I have a confession to make. When Team Shuster won the USA Men’s Olympic Trials, I was not enthusiastic … like, at all. After suffering through the 2010 Vancouver games and the 2014 Sochi games, I just wasn’t in the mood to be “Shustered” again.

But Shuster’s rink won the trials, so I tried focusing my attention on other things. Nina Roth’s squad won the USA Women’s Olympic Trials, so I could cheer for them. The Hamilton siblings seemed like a spunky pair, so I could cheer for them in Mixed Doubles. And because ESPN3 has been broadcasting Curling Canada’s Season of Champions events for the last several years, I have grown very familiar with Team Koe, Team Homan, and the Lawes/Morris duo. Surely, our neighbors to the north could be counted on to deliver some hardware.

After dropping their opener, Lawes and Morris ripped through the Mixed Doubles field, and won what many thought would be the first Canadian Gold Medal in curling with more to come. And on the men’s side, Team Koe started out hot, going 4-0 in round robin play. After tough losses to Sweden and Switzerland, Canada was still 4-2 with a date against Team Shuster’s American squad that was sitting at 2-4 in the standings.

Prior to the game, my friend Mike asked me if I was excited about the upcoming USA-Canada game.

“Excited? I’m not even going to watch it,” I replied.

“Why not?” he asked.

“It starts at 11:05 pm our time. I’m not going to stay up until 2:00 am to watch us get our butts kicked by Canada,” I said.

“Oh, come on, we could win.”

“No shot.”

“Of course we have a shot. That’s why they play the games,” said Mike.

“That’s normally true,” I said. “Just not in this case.”

Well, you can imagine my shock when I woke up the next day and went online to check the results. The USA defeated Canada 9-7, dealing Canada their third straight loss.

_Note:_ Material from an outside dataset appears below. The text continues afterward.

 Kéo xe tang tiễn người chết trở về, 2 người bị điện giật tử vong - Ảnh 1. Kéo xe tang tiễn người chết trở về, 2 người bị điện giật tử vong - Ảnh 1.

Now, that 3-game losing streak was not the only 3-game losing streak for a Canadian curling team in this Olympics. Rachel Homan’s vaunted crew started round robin play 0-3 on the women’s side. This was inexplicable. But after they recorded wins against the USA, Switzerland, and Japan to reach .500, I thought, “OK, joke time is over. They got this.”

But then they lost to China and Great Britain, eliminating themselves from contention. After the loss to Great Britain, the CBC’s Colleen Jones interviewed Rachel Homan. The questions were unpleasant, and Canadian Twitter users made clear their ire toward Jones. And while Homan probably wanted to rip the microphone out of Jones’ hand and beat her over the head with it, she remained calm and cool, and answered the questions in a professional manner. All of this taking place in the midst of what had to have been the most traumatic portion of her curling life.

Honestly, I was heartbroken for the Canadian women. Because so many of their games are televised, it’s easy to become a fan of this Ottawa-based quartet. And when they won the Roar of the Rings, the Canadian Curling Olympic Trials, I was excited about the chance to see them play in the world’s biggest bonspiel. But it just wasn’t meant to be.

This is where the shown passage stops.